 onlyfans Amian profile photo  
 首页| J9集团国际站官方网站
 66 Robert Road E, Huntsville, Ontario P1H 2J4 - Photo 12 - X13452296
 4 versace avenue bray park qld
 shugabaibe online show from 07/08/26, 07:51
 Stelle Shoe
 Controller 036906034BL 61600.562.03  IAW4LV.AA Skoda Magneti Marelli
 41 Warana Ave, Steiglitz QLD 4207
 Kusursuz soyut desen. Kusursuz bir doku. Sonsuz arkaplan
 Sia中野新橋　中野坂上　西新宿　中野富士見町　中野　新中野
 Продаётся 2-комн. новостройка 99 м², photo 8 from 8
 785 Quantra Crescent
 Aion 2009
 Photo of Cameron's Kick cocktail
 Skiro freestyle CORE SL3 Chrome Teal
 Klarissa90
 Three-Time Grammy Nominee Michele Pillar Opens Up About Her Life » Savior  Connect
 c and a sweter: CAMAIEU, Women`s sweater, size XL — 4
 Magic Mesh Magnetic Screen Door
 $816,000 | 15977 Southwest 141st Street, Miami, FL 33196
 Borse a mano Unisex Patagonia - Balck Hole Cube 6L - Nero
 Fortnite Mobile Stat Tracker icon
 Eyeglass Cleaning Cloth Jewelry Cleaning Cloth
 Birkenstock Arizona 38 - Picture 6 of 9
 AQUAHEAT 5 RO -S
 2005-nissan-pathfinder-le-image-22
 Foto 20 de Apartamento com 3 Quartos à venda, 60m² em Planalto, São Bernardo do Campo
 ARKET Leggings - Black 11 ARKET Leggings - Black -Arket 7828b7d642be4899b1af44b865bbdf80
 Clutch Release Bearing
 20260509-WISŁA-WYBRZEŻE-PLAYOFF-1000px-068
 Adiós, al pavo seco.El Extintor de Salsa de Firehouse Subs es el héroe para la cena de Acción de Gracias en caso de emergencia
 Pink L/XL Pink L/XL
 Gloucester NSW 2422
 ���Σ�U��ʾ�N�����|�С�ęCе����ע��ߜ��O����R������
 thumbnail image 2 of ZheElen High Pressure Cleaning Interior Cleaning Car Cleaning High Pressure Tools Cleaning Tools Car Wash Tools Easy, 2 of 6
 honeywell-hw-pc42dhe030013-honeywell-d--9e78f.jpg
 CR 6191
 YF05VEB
:::::
BRIEF
Among the records above, repeat exactly the line with "AQUAHEAT 5 RO -S", the line with "20260509-WISŁA", and every line in between, and only those.

RESPONSE TO THIS TASK
 AQUAHEAT 5 RO -S
 2005-nissan-pathfinder-le-image-22
 Foto 20 de Apartamento com 3 Quartos à venda, 60m² em Planalto, São Bernardo do Campo
 ARKET Leggings - Black 11 ARKET Leggings - Black -Arket 7828b7d642be4899b1af44b865bbdf80
 Clutch Release Bearing
 20260509-WISŁA-WYBRZEŻE-PLAYOFF-1000px-068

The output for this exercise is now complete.